The parade started, so I wanted to go to the side and watch them walk proudly representing the Edmonton’s Fetal Alcohol Network. The coordinator asked me to walk with them and I explained that I have no experience with their program and felt that I didn’t deserve to walk amongst them yet. She brushed aside my objections and invited me to just walk. So I did, mostly because it would seem insolent and stubborn if I didn’t. During that walk, I got to learn their names and hear stories of previous parades that they participated in.

The moment I met them and they told me their names and their hobbies, my perception began to change. I watched them greet the crowd with joy and twirl their umbrellas, and it dawned on me that they are more than just people with FASD.

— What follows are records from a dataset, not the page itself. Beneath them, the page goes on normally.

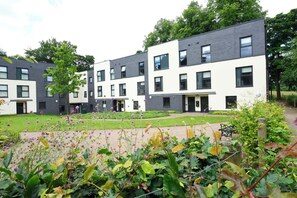 A modern building with multiple floors, large windows, and a well-maintained garden area. - Alexander Court Townhouses (Stirling)
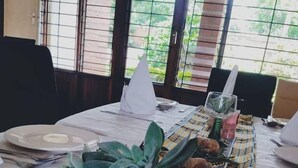 Una mesa de comedor con un centro de suculentas y patatas, un servilleta blanca y un vaso de agua.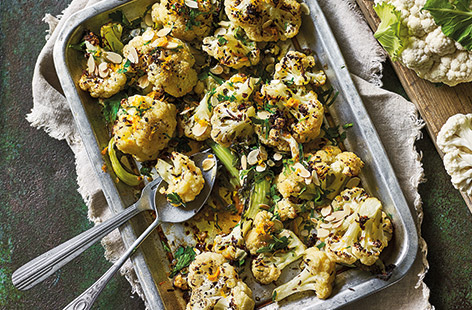 Add a zesty twist to your roast dinner with this easy roasted cauliflower recipe with orange juice dressing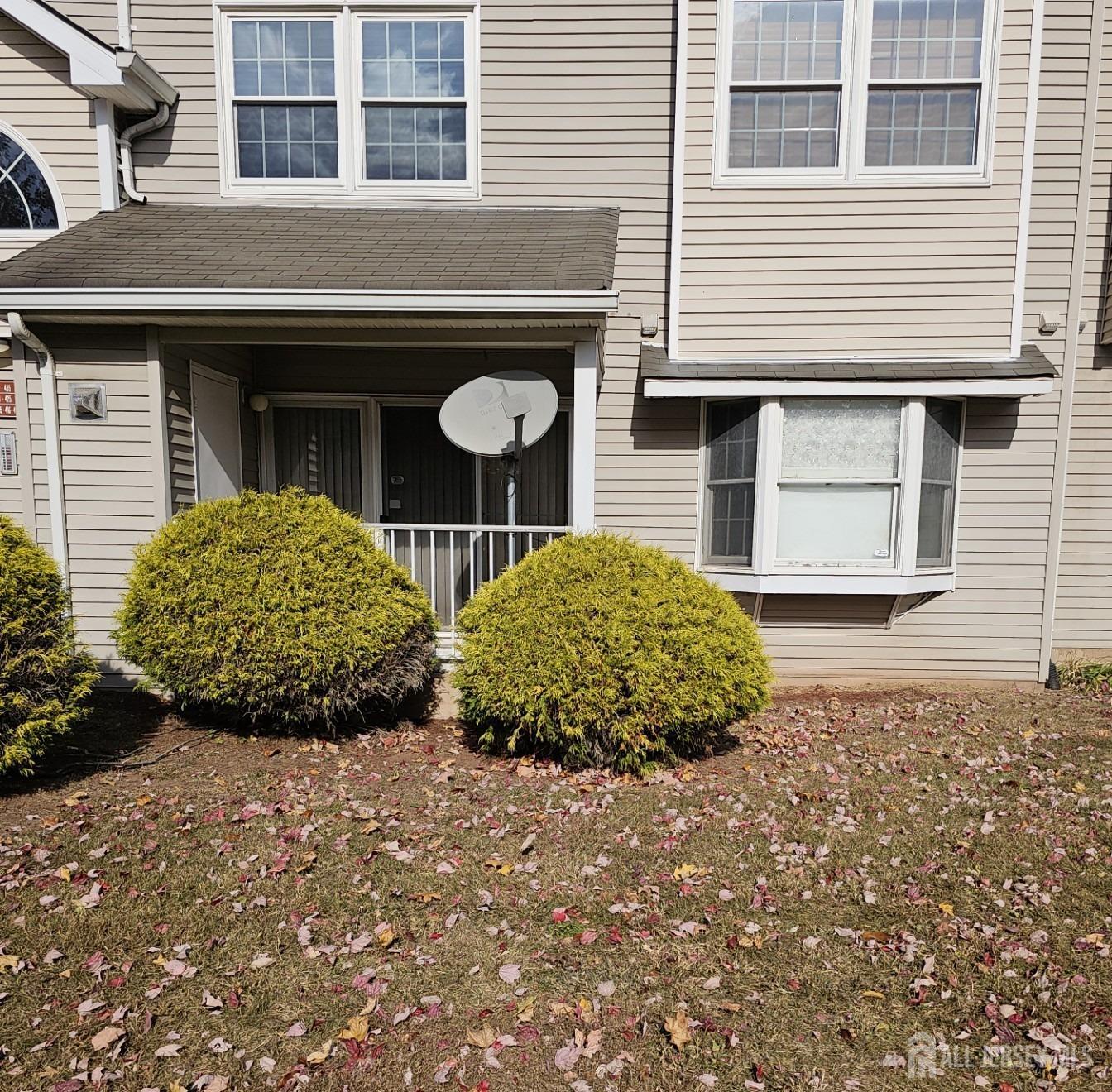 414 Edpas Road New Brunswick, NJ 08901 - Photo 1 of 11 a couple of potted plants in front of a house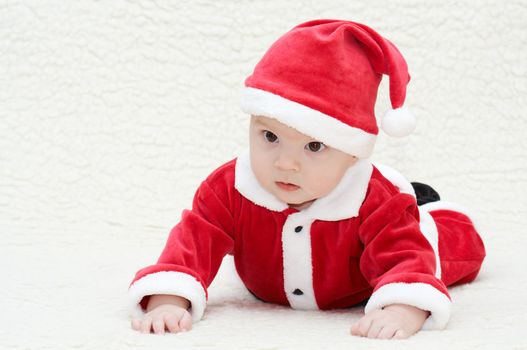laughing baby in santa's suit
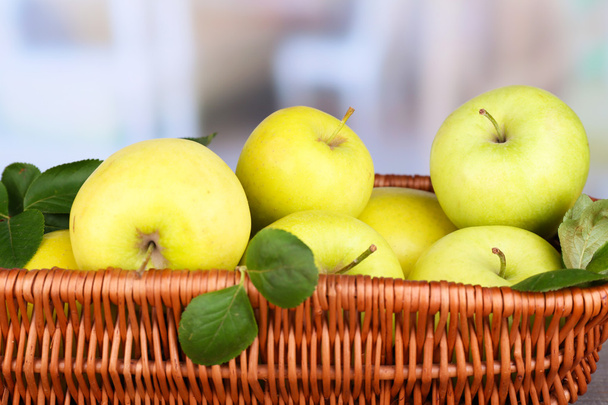 Ripe sweet apples with leaves in wicker basket on light background - Valokuva, kuva
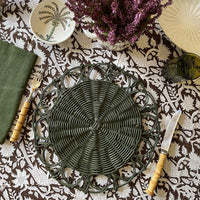 The Voyage Dubai - Available in four striking variations, our wicker placemats are handwoven by artisans in India. Use them to create a bold, layered tablescape.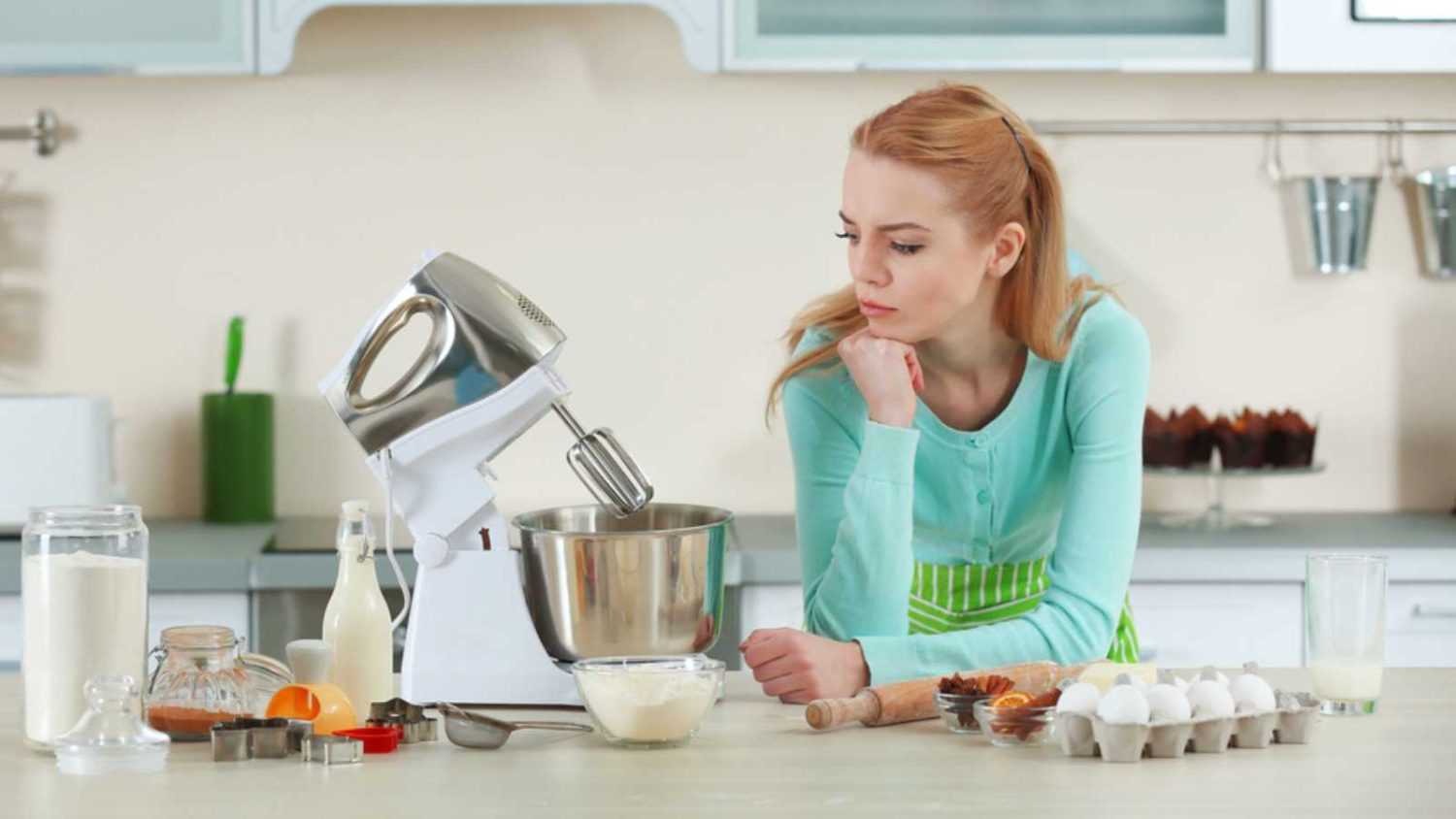 Young woman using a food processor to make a dough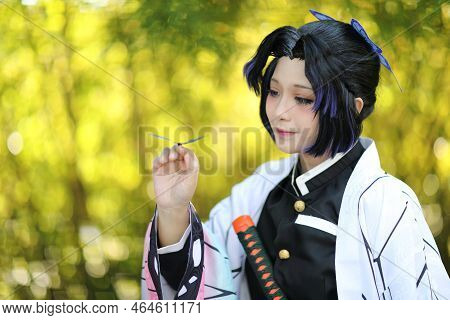 Japan Anime Cosplay Portrait Of Girl With Comic Costume With Japanese Theme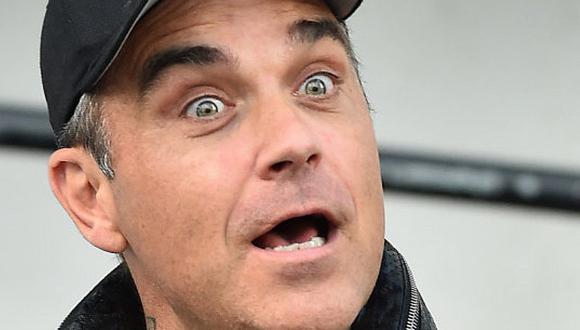 Robbie Williams escapa de edificio en llamas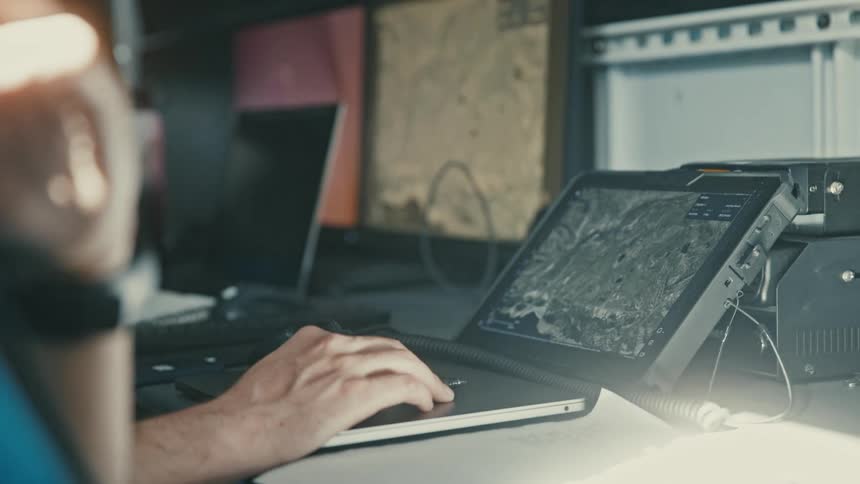 A hand operates a touchscreen device displaying satellite imagery or terrain maps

Now I know that labelling is not a new concept, I have discussed it with others, inside and outside of the classroom for years. I also did not think of myself as a judgmental person. I thought that I would be aware when I label someone. I thought I wouldn’t fall into this trap, yet I did. Because it is easier than you think to read a paper, do the research and forget who you are reading about. I needed to see names, faces and colourful umbrellas to remind me that they are more than just a label.

So I want to thank all of them, from the bottom of my heart, for being so open. I want to implore you, to go beyond examining the concept of labelling and spend time with a group you never interacted with. Confront your assumptions head-on, because it’s easier than you think to neatly place everyone in a box. Sometimes you don’t even notice you do it, I didn’t.